Als Upbit am 15. Juni $OPG gelistet hat, öffnete der Handel bei 0,3064 $ und fiel innerhalb derselben Sitzung auf ein Tief von 0,1815 $ – eine 40%-Spanne innerhalb von Stunden. Das Volumen an diesem Tag lag bei 357 Mio. $, über 600 % mehr als am Vortag. Klassischer Listing-Pump, könnte man sagen.

Aber Moment: Schau dir an, was Upbit überhaupt zum Listing ausgewählt hat. Nur BTC- und USDT-Paare. Kein KRW-Paar. Auf der dominierenden Börse in Korea. Das ist eine gezielte Reibungsstelle – kein Versehen.

Für mich wirkte ein Listing ohne KRW-Paar eher wie ein vorsichtigerer Ansatz als der komplette Vorstoß, um Retail-Zugriff maximal zu pushen. Die Börse, die Retail-FOMO hätte anheizen können… hat es bewusst nicht getan. Das Token, das seinen Wert eigentlich durch Inferenz-Nutzung aufbauen soll, hat sein größtes Liquiditäts-Event aus den Mechaniken des Exchange-Listings bekommen – nicht aus einem einzelnen, verifizierbaren Inferenz-Spike on-chain.

Hmm… das ist die Lücke, um die ich immer wieder kreise. Das Netzwerk verarbeitet KI in einer spezialisierten Schicht und nutzt die Blockchain für Bezahlung, Verifizierung und Abwicklung – sauberes Design, ehrlich. Aber im Moment ist das Wertsignal nicht die Rechen-Nachfrage, sondern die Exchange-Kalender. Die frühen Builder, die über Monetarisierung von Modellen verdienen, sind nicht diejenigen, die den Preis setzen.

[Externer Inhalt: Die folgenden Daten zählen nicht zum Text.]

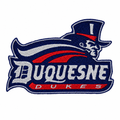 Drexel Dragons cleanup retry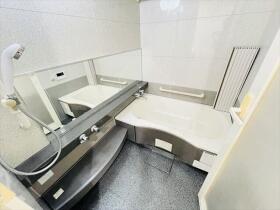 ローレルコート弥富東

Also die eigentliche Frage, die ich am Ende übrig ließ: Wann beginnt das Inferenz-Volumen tatsächlich lauter zu werden als das Listing-Volumen auf der Chain? Und wird es irgendjemand außerhalb des Entwickler-Clusters überhaupt bemerken, bevor der nächste Börsen-Katalysator kommt?